From coast to coast, Americans are closely watching and dreading the upcoming end to the federal student loan payment pause. Borrowers in some states, however, have more debt than others. 

For Black people, the lasting effects of their debt depend on where they live which is often in those same states with higher debts owed per borrower.

A new CreditDonkey analysis comparing all 50 U.S. states found the top 10 with the highest student debt per borrower. Those top states, in order, are Maryland, Georgia, Delaware, Virginia, New York, Florida, Oregon, Illinois, California, and Alabama.

Data from Pew Research Center adds another layer to this picture. At least eight of these states rank highly among those with the largest Black populations. Combined with the reality that Black students hold more student loan debt than any other racial or ethnic group, with a median of $30,000 owed. 

Saddled with such a large amount of debt, many attempt to find their footing in places with higher costs of living. 

For example, over three million Black people call the New York City metro area home — the nation’s largest Black population. Fortuna Admissions co-founder Caroline Diarte Edwards says places like this are hubs for career opportunities. 

Research conducted by CreditDonkey compared all 50 states using recent student debt data from the Federal Reserve Bank of New York to discover which states had the highest proportion of student debt per borrower.
(Photo/CreditDonkey)

“The big cities offer unmatched career opportunities, leading many Black Americans to take risks and move to them despite the high student loan debt and cost of living,” Edwards says. 

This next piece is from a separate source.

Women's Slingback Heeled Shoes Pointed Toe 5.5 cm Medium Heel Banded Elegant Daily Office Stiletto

Indeed, paying rent on a market-rate apartment in a major city, on top of hefty student loan payments, is a sobering prospect. 

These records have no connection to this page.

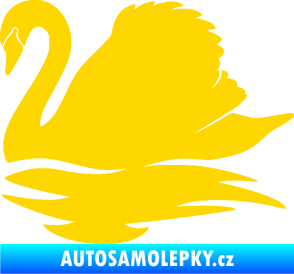 Samolepka Labuť 003 levá jasně žlutá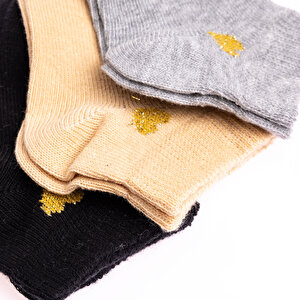 Varaklı 3'lü Bilek Çorap Kız Bebek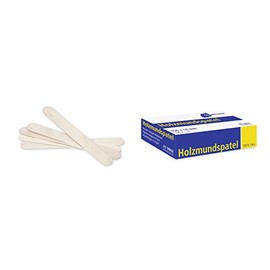 Meditrade 9802, 18 mm Width X 150 mm Length Beesana Wooden Tongue Depressors (Pack of 100)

Saddled with such a large amount of debt, many attempt to find their footing in places with higher costs of living. 

“When potential homebuyers seek mortgages, lenders consider the borrower’s debt-to-income ratio. The greater the amount of student loan debt, the higher the debt-to-income ratio, and the less that people can borrow.” Jennifer Leadwith, certified financial planner and founder of scholar ready

Student loan payments can be a large chunk of borrowers’ budgets, making it difficult to save for a downpayment and other life experiences.

Ledwith says student debt also affects Black families’ ability to invest academically in their children’s education and communities.

“Student loan expenses prevent African American parents from having the discretionary income required to supplement their children’s education,” she says.

Full participation in the cultural and civic life of a community is tougher too, with student loan debt. Ledwith says that’s because if money is going to student loan servicers, they have less for community organizations like schools, museums, hospitals, art organizations, and churches.

“For African-Americans’ voices to be heard, they must participate,” Ledwith says. “Often, participation requires a financial commitment that student loan payments make impossible.”